Geddy’s Pub, doing business as Geddy’s Down Under, contested that the man — a full-time college student named Adam Clark — was laid off in May 2013 because of a lull in work caused by the late opening of nearby Acadia National Park that spring. Because Clark was the most recent hire, the business claimed, it was proper for him to be let go first.
Thad Zmistowski, an attorney representing Geddy’s, told the five-member commission on Monday that such a “last-in, first-out” layoff approach was a “time-honored” business practice, and that “the disability provisions of the Human Rights Act are not intended to give disabled employees a leg up” over able-bodied employees.
Commissioners were hesitant to buy that argument, though, because an investigation revealed that Geddy’s advertised it was hiring for the same position held by Clark just three days after he was fired.
Clark suffers from a mild form of cerebral palsy, a neurological disorder that can affect body movement and muscle coordination. Clark, who is represented by the Disabilities Rights Center, maintained he was confident that the cerebral palsy would not affect his ability to do his work.
According to a report by HRC investigator Michele Dion, Clark’s manager repeatedly referred to an apparent concern with his left hand during the nine days he was employed at Geddy’s. The investigator’s report says the manager told Clark she wasn’t sure he’d be able to continue working there.
She also allegedly told him about other places she thought were hiring, even offering to call one of the employers to see if she could get him a job elsewhere, Dion wrote. On May 26, 2013, the manager abruptly terminated his employment “because of his hand,” Clark alleged.
Zmistowski said Geddy’s only posted a job opening so quickly after letting Clark go because another employee gave notice that she would be leaving. Clark wasn’t recalled to work because his father had made an angry phone call to the manager who fired his son, prompting Geddy’s to rule out any further employment for Clark.
The commissioners were advised by staff that an unpleasant phone call did not excuse an apparent violation of the Human Rights Act’s disability protection provision, and Dion wrote in her report that she discovered that the manager already knew the other employee had plans to leave the store, but made no effort to ascertain that employee’s plan before firing Clark.
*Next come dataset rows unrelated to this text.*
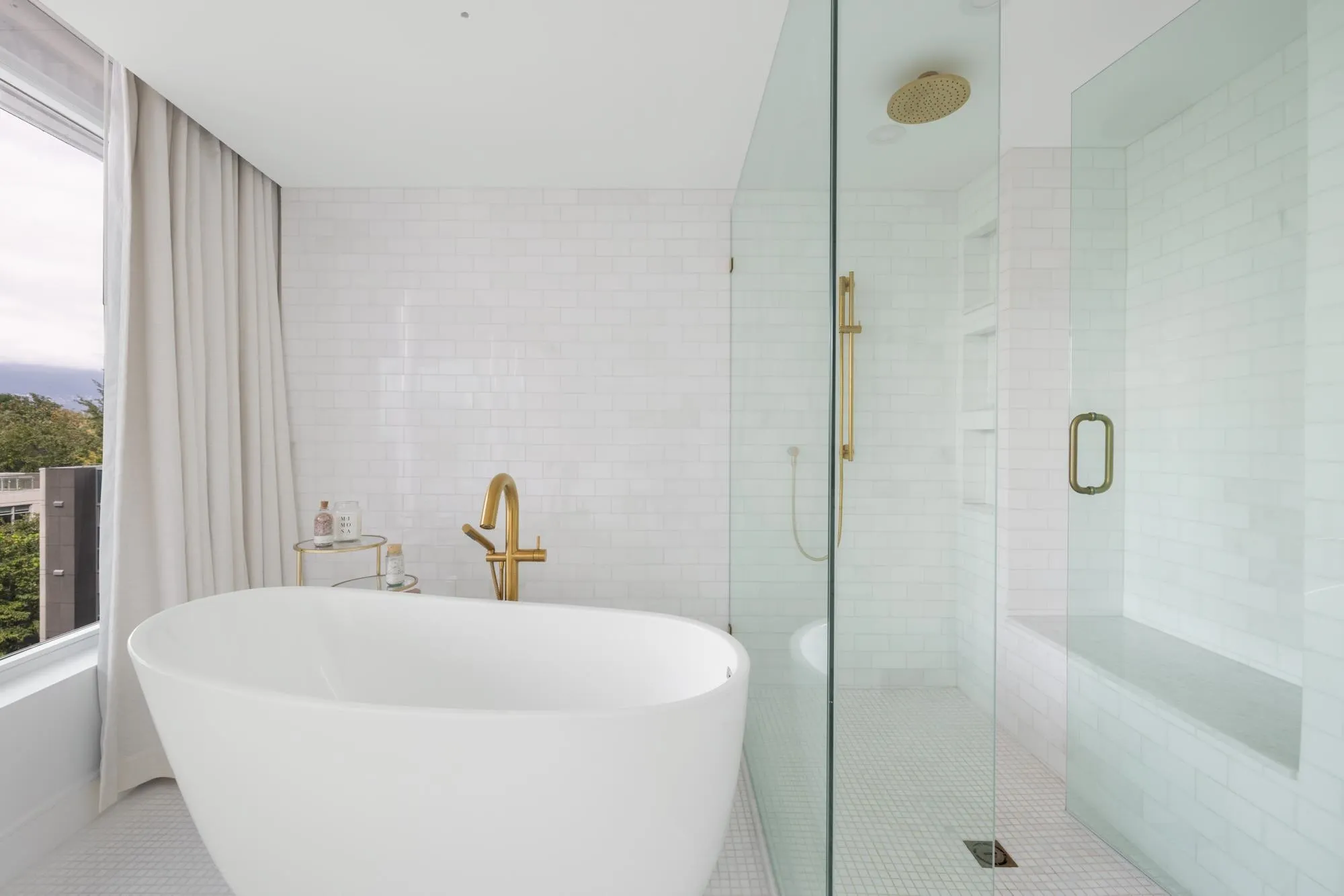 301 1233 W Cordova Street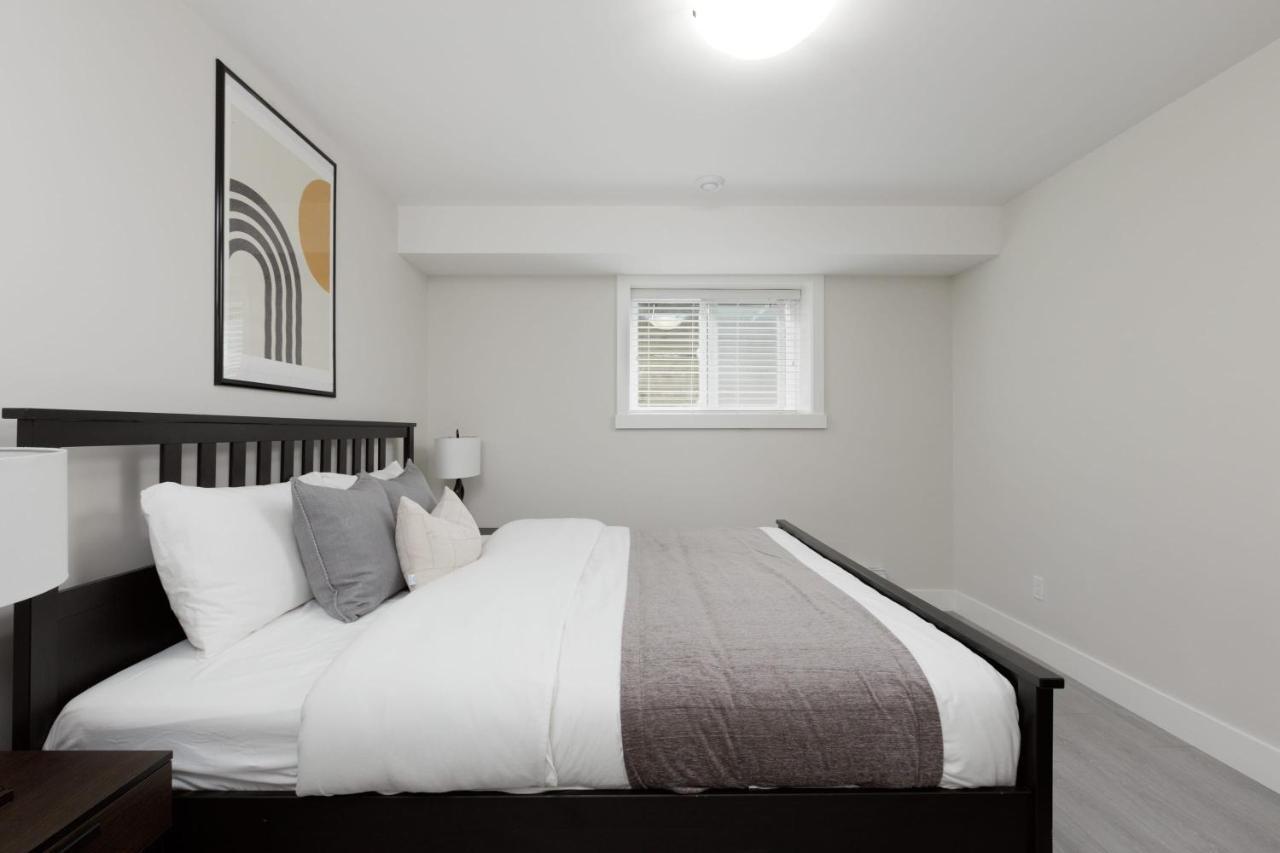 Tastefully Furnished And Newly Updated 2 Bd Central Lynn Valley North Vancouver Villa Eksteriør billede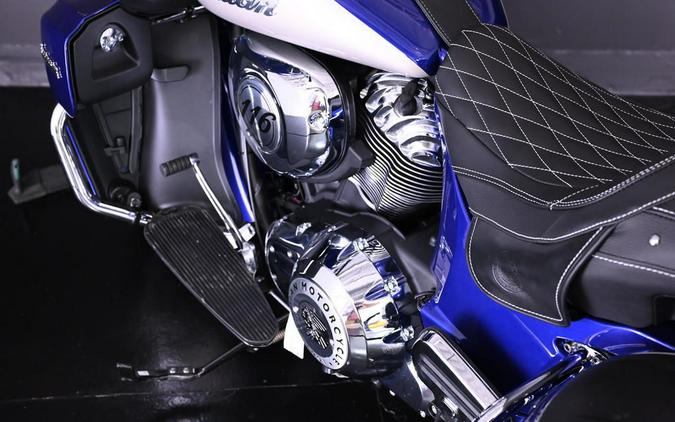 2024 Indian Motorcycle® Roadmaster® with Powerband Audio Package Spirit Blue Metallic/Silver Quartz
Geddy’s did not deny that concerns about Clark’s hand had been expressed during his employment, and during the meeting when he was fired, Dion’s report stated.
The commission voted 4-1 to accept Dion’s finding that reasonable grounds exist to believe Geddy’s discriminated against Clark because of an apparent physical disability. Commission member Mavourneen Thompson was the lone dissenting vote.
The decision by the commission will trigger a mediation process during which commission staff will attempt to reach an agreeable settlement between Clark and Geddy’s. Court action remains possible if a settlement cannot be reached.